NAME¶
makepercentrelay - Build a list of %-relayed domains
SYNOPSIS¶
makepercentrelay
DESCRIPTION¶
makepercentrelay reads /etc/courier/esmtppercentrelay.dir and creates
/etc/courier/esmtppercentrelay.dat which is a binary database file. The files
/etc/courier/esmtppercentrelay and /etc/courier/esmtppercentrelay.dat specify
a list of "percent-hack" domains. /etc/courier/esmtppercentrelay is
a plain text file, containing one domain per line. The Courier mail server
loads the contents of /etc/courier/esmtppercentrelay into memory, so if you
have a lot of domains, you will want to use the binary database file. The
makepercentrelay command reads /etc/courier/esmtppercentrelay.dir,
which can be either a plain text file itself, or a directory containing plain
text files.

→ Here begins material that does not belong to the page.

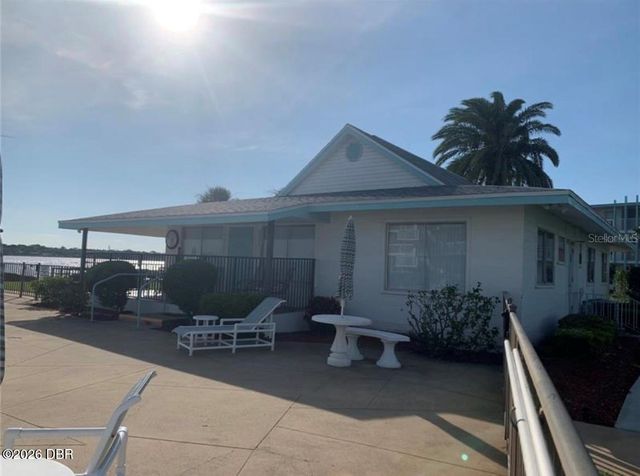 3009 N Halifax Avenue # 2, Daytona Beach, FL 32118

All files in the subdirectory are concatenated, and the binary
database file is created from the result.
the Courier mail server can use both /etc/courier/esmtppercentrelay and
/etc/courier/esmtppercentrelay.dat at the same time. Usually you would put a
couple of your most frequent domains in /etc/courier/esmtppercentrelay, then
put the rest in /etc/courier/esmtppercentrelay.dir, and use
makepercentrelay to turn it into a database file.
"percent-hack" domains are a list of domains for which the Courier
mail server accepts mail via ESMTP addressed as
"local%percent.hack.domain@local.domain", where
"percent.hack.domain" is a domain found in
/etc/courier/esmtppercentrelay or /etc/courier/esmtppercentrelay.dat, and
"local.domain" is any domain found in /etc/courier/locals. The
Courier mail server removes the local domain, and rewrites the address as
"local@percent.hack.domain", then attempts to deliver it.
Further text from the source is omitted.